:: Dataset entries ::

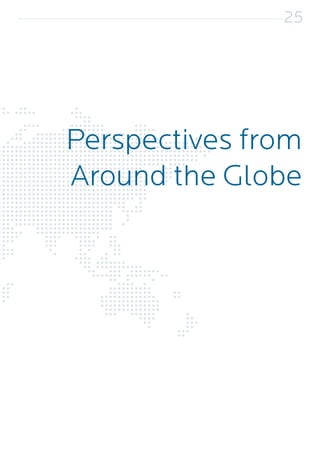 Perspectives from
Around the Globe
25
 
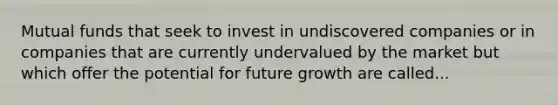 Mutual funds that seek to invest in undiscovered companies or in companies that are currently undervalued by the market but which offer the potential for future growth are called...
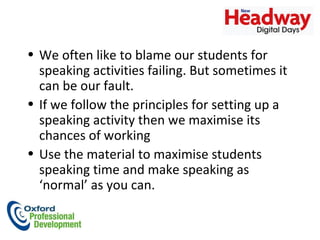 We often like to blame our students for speaking activities failing. But sometimes it can be our fault.  If we follow the principles for setting up a speaking activity then we maximise its chances of working Use the material to maximise students speaking time and make speaking as ‘normal’ as you can.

:::

■ Exercise
Could the data above be copied out exactly, with no pictures kept?

■ Reply to the exercise
 Perspectives from
Around the Globe
25
 
 Mutual funds that seek to invest in undiscovered companies or in companies that are currently undervalued by the market but which offer the potential for future growth are called...
 We often like to blame our students for speaking activities failing. But sometimes it can be our fault.  If we follow the principles for setting up a speaking activity then we maximise its chances of working Use the material to maximise students speaking time and make speaking as ‘normal’ as you can.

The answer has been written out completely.